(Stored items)
= = =
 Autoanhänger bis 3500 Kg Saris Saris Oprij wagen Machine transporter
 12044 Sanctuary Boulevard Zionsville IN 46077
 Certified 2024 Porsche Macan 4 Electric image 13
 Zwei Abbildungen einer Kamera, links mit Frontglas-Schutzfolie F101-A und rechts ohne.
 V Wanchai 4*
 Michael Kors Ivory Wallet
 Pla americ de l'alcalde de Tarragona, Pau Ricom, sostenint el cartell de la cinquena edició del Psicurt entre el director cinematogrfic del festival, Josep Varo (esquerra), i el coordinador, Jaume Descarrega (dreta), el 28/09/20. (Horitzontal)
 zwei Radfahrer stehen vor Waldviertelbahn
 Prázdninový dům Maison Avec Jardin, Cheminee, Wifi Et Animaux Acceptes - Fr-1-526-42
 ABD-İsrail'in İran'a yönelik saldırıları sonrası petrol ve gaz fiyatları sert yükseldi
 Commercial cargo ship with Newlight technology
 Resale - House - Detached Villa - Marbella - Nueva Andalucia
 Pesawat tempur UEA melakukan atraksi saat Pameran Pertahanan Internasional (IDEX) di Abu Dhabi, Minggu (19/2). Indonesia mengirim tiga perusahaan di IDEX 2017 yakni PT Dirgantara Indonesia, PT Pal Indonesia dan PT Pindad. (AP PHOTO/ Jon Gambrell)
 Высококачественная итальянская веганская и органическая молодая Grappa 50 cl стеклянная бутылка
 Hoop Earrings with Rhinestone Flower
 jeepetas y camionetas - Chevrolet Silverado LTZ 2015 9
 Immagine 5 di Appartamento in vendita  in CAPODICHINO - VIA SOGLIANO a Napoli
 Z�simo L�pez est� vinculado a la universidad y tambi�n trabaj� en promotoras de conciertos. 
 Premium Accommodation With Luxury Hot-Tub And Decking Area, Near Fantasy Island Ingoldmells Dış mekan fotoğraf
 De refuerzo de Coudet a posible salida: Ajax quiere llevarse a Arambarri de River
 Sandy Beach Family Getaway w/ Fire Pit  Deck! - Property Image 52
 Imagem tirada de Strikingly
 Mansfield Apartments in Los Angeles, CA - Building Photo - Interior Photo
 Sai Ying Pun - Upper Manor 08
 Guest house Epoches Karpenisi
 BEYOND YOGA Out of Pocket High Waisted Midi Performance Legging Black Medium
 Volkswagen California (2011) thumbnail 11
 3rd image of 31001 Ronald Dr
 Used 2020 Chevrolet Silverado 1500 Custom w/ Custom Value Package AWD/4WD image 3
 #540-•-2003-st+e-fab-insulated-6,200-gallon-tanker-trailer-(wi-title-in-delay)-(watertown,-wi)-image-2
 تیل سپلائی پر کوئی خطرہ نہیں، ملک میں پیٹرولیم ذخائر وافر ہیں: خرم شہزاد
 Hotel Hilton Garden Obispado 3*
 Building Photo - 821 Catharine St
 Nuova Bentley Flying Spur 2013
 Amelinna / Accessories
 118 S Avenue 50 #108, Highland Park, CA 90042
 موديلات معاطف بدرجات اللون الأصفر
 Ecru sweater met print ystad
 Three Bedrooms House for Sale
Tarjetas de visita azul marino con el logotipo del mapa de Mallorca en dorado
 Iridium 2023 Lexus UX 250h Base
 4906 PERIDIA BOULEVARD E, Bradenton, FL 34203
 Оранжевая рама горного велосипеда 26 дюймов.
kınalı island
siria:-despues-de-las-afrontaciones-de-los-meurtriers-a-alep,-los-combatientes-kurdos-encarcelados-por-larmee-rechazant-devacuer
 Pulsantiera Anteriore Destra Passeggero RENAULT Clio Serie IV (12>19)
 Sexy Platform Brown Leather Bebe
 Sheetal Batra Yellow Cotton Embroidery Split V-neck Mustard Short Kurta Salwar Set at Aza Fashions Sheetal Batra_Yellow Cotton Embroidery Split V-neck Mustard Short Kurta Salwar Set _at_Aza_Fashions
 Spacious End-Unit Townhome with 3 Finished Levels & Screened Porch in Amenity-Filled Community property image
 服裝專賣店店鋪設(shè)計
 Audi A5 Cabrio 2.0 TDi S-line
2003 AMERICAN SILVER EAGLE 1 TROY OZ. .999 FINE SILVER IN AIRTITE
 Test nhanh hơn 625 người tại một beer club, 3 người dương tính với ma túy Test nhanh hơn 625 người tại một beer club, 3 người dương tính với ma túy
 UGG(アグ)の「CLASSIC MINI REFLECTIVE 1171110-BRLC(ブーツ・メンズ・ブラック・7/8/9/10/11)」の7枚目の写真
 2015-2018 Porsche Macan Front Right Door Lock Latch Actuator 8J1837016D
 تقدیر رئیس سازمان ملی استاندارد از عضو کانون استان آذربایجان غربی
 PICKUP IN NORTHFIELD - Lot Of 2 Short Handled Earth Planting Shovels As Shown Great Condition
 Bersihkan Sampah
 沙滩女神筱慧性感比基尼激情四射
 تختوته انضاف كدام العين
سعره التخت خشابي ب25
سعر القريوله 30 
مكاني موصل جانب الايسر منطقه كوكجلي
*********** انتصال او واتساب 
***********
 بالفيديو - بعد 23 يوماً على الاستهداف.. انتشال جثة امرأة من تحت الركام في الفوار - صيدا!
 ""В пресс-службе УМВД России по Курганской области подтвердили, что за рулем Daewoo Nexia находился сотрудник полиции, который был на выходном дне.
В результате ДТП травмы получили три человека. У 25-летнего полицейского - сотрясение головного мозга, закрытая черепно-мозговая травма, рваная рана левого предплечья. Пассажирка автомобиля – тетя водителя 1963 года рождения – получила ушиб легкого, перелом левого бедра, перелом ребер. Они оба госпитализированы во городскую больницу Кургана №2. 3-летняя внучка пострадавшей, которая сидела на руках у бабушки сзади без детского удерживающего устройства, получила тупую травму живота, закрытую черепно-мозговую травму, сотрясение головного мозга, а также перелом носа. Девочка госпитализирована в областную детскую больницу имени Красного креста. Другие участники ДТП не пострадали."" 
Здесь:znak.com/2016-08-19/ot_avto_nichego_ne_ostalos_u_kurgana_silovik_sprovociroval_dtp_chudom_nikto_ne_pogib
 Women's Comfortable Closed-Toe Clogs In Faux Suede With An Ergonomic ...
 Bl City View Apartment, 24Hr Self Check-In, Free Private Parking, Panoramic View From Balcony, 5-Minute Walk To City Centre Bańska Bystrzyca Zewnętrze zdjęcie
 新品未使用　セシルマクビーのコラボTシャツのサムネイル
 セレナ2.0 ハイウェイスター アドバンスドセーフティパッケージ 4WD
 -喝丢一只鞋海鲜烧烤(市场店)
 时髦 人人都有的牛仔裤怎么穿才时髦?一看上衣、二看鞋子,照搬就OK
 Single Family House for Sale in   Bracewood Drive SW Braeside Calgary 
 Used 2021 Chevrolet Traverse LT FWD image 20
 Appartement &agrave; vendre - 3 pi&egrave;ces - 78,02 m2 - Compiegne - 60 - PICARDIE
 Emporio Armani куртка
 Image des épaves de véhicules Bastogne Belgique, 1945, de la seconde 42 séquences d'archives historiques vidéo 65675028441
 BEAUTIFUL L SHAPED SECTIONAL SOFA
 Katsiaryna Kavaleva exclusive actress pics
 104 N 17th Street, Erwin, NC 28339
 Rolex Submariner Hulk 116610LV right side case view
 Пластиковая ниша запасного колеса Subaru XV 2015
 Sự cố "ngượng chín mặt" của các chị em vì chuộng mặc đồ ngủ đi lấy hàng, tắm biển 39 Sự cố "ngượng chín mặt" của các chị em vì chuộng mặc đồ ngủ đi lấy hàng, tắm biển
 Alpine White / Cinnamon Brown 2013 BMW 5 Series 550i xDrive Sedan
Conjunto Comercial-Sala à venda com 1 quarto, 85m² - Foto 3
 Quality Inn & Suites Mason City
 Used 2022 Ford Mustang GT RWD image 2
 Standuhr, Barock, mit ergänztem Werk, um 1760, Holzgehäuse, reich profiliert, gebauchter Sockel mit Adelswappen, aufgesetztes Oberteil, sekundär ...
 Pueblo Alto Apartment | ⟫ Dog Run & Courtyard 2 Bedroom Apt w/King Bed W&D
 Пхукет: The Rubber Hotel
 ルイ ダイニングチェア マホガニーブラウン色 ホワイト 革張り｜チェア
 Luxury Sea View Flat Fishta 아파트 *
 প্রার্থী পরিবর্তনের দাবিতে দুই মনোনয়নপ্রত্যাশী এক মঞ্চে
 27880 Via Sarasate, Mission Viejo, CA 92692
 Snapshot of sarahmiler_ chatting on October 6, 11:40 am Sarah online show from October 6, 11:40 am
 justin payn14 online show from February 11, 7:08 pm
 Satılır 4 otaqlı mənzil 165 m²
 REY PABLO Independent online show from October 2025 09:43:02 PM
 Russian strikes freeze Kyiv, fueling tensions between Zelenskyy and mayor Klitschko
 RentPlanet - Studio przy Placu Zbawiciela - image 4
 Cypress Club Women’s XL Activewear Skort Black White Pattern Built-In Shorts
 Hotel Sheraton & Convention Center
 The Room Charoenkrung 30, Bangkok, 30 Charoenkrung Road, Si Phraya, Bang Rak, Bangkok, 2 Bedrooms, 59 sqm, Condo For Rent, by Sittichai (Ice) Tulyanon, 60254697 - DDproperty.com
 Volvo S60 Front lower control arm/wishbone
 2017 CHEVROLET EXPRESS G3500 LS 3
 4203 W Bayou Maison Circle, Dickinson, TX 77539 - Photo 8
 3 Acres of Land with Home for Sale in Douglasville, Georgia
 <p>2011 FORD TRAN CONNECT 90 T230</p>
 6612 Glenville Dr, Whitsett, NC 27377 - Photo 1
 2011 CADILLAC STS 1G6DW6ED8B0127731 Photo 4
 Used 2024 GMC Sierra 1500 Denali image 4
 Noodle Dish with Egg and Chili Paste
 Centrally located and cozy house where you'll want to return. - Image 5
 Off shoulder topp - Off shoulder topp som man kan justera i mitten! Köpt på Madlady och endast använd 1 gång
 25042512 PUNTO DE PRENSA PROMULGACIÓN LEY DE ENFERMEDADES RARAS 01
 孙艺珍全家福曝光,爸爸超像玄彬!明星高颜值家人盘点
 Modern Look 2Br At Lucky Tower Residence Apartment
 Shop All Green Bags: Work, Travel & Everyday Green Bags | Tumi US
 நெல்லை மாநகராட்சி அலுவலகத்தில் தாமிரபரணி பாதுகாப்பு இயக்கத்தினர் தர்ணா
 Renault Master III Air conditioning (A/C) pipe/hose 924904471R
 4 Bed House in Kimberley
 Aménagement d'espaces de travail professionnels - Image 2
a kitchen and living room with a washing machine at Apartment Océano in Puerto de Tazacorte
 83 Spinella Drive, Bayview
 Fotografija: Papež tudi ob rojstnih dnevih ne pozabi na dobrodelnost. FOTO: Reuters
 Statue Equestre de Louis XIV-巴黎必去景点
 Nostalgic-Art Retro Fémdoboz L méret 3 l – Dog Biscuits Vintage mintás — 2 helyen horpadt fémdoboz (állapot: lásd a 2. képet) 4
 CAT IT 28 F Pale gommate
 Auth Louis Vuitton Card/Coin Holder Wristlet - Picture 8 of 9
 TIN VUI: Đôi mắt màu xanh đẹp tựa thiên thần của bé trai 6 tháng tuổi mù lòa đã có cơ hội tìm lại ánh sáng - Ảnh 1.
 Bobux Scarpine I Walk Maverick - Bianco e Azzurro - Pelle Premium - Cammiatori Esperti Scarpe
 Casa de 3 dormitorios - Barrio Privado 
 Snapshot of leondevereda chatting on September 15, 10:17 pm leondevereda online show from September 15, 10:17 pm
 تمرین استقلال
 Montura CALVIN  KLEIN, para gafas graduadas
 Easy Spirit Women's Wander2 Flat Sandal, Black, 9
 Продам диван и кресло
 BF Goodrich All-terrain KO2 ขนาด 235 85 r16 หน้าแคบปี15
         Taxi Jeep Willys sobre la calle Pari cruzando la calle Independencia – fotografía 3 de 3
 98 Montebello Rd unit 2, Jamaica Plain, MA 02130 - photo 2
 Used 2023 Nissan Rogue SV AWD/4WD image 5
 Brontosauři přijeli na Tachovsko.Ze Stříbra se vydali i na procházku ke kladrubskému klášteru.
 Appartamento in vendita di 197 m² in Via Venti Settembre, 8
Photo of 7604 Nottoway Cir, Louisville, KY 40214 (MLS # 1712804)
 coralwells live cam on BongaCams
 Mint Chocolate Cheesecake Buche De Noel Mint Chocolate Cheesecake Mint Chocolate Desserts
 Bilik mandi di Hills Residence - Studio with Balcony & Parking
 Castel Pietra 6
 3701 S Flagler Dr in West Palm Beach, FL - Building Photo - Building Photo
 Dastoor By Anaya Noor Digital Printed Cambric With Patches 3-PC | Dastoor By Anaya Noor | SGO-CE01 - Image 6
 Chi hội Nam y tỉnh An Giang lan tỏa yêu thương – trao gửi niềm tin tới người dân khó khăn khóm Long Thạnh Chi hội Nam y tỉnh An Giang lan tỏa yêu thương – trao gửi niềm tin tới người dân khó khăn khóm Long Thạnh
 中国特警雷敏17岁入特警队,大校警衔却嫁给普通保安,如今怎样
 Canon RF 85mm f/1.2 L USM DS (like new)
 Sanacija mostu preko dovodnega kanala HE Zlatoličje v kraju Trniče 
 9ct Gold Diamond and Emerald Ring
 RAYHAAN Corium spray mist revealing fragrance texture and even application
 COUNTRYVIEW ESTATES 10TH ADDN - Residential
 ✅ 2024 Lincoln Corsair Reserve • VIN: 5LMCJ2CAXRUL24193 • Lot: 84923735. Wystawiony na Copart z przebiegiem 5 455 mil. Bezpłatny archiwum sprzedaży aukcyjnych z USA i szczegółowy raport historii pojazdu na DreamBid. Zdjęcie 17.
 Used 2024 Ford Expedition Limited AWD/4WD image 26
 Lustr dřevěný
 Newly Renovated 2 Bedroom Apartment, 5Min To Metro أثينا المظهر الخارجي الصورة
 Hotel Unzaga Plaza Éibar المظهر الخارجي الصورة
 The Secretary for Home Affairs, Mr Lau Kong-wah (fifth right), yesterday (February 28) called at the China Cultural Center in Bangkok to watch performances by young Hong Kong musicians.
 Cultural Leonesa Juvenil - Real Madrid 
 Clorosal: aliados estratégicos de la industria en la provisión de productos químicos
= = =
> [Your goal]: Each line above from the one with "موديلات معاطف بدرجات اللون الأصفر" up to and including the one with "на выходном дне." must be set down exactly, and no line outside that span may appear.

> [Reply to the task]:
 موديلات معاطف بدرجات اللون الأصفر
 Ecru sweater met print ystad
 Three Bedrooms House for Sale
Tarjetas de visita azul marino con el logotipo del mapa de Mallorca en dorado
 Iridium 2023 Lexus UX 250h Base
 4906 PERIDIA BOULEVARD E, Bradenton, FL 34203
 Оранжевая рама горного велосипеда 26 дюймов.
kınalı island
siria:-despues-de-las-afrontaciones-de-los-meurtriers-a-alep,-los-combatientes-kurdos-encarcelados-por-larmee-rechazant-devacuer
 Pulsantiera Anteriore Destra Passeggero RENAULT Clio Serie IV (12>19)
 Sexy Platform Brown Leather Bebe
 Sheetal Batra Yellow Cotton Embroidery Split V-neck Mustard Short Kurta Salwar Set at Aza Fashions Sheetal Batra_Yellow Cotton Embroidery Split V-neck Mustard Short Kurta Salwar Set _at_Aza_Fashions
 Spacious End-Unit Townhome with 3 Finished Levels & Screened Porch in Amenity-Filled Community property image
 服裝專賣店店鋪設(shè)計
 Audi A5 Cabrio 2.0 TDi S-line
2003 AMERICAN SILVER EAGLE 1 TROY OZ. .999 FINE SILVER IN AIRTITE
 Test nhanh hơn 625 người tại một beer club, 3 người dương tính với ma túy Test nhanh hơn 625 người tại một beer club, 3 người dương tính với ma túy
 UGG(アグ)の「CLASSIC MINI REFLECTIVE 1171110-BRLC(ブーツ・メンズ・ブラック・7/8/9/10/11)」の7枚目の写真
 2015-2018 Porsche Macan Front Right Door Lock Latch Actuator 8J1837016D
 تقدیر رئیس سازمان ملی استاندارد از عضو کانون استان آذربایجان غربی
 PICKUP IN NORTHFIELD - Lot Of 2 Short Handled Earth Planting Shovels As Shown Great Condition
 Bersihkan Sampah
 沙滩女神筱慧性感比基尼激情四射
 تختوته انضاف كدام العين
سعره التخت خشابي ب25
سعر القريوله 30 
مكاني موصل جانب الايسر منطقه كوكجلي
*********** انتصال او واتساب 
***********
 بالفيديو - بعد 23 يوماً على الاستهداف.. انتشال جثة امرأة من تحت الركام في الفوار - صيدا!
 ""В пресс-службе УМВД России по Курганской области подтвердили, что за рулем Daewoo Nexia находился сотрудник полиции, который был на выходном дне.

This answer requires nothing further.